Im Sommer nehmen Hitzetage und Tropennächte zu, ein eindeutiges Zeichen der Klimakrise. Hitzetage haben ein Temperaturmaximum über 30 °C. Tropennächte haben ein Temperaturminimum von mehr als 20 °C. Um im Sommer eine Überwärmung im Wohnraum zu verhindern, sind die Ausrichtung der Fenster, ihre Größe und die Qualität der Verglasung entscheidend. Der sogenannte "g-Wert" gibt an, wie viel Sonnenenergie durch das Glas in den Innenraum gelangt. Ein niedriger g-Wert lässt weniger Wärme in den Raum.

Oft sind Beschattungssysteme unentbehrlich. Sonst fungiert ein Fenster im Sommer leicht als Heizkörper. Eine Terrassentür kann dann mit 1000 Watt Wärmeleistung den Raum aufheizen. Schon bei der Planung hilft es daher, den Anteil an Glasflächen mit Bedacht zu dimensionieren. Beachten Sie besonders Dachflächenfenster, die unbeschattet im Sommer zur Überwärmung beitragen. Sehr alte Häuser verfügen über kleinere Fensterflächen und massive Wände um die einfallende Wärme aufzunehmen, eine Beschattung ist hier meist nicht notwendig.

Verschattungsleistung unterschiedlicher Systeme

Die ÖNORM bietet eine Orientierung für die Fähigkeit unterschiedlicher Verschattungen. Je niedriger der Abminderungsfaktor z, desto besser wirkt der Sonnenschutz: 0,27 bedeutet, dass nur 27 Prozent der Sonnenenergie im Innenraum zu Wärme umgewandelt wird.

Quelle: Ö-Norm B 8110-3
z-Wert Art der Beschattung
0,27 Außenjalousie, Raffstores, Fensterläden
0,32 Verschattungswirksame Vordächer, Balkone
0,43 Markisen
0,75 Vorhänge, Innenjalousien (je nach Farbe)
1 Keine Abschattung
Eine Außenjalousie schützt vor sommerlicher Überwärmung.
Außenjalousien sind ein hervorragender Sonnenschutz, sie haben den besten Verschattungsfaktor.

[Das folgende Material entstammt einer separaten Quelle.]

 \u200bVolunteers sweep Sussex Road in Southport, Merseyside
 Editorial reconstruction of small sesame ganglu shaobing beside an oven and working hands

Der fachgerechte Fenstereinbau

Beim Fenstereinbau ist auf wärmebrückenfreien und luftdichten Anschluss zu achten. Hier sind Profis gefragt! Einschäumen war gestern, Fenster werden heute nach ÖNORM B 5320 (Deutschland RAL-Montage) eingebaut. So wird ein perfekter Einbau gewährleistet.

Häufig werden die Fensterstöcke bündig an die Maueraußenkante gesetzt. Bei größeren Dämmstärken werden die Rahmen an Winkeln befestigt und in die Dämmebene gesetzt.

Wird bei einer Sanierung ein Wärmedämmverbundsystem verwendet, ohne die Fenster zu tauschen, muss auf alle Fälle die Fensterlaibung gedämmt werden.
Bei der Sanierung eines Kastenfensters wird am Innenflügel ein 2-Scheiben Wärmeschutzglas und am Rahmen eine umlaufende Gummilippendichtung montiert. Im äußeren Flügel bleibt die Einfachverglasung und es wird keine Dichtung eingebaut. Dieser Trick verhindert das Beschlagen der äußeren Scheibe und liefert auch zufriedenstellende Dämmwerte.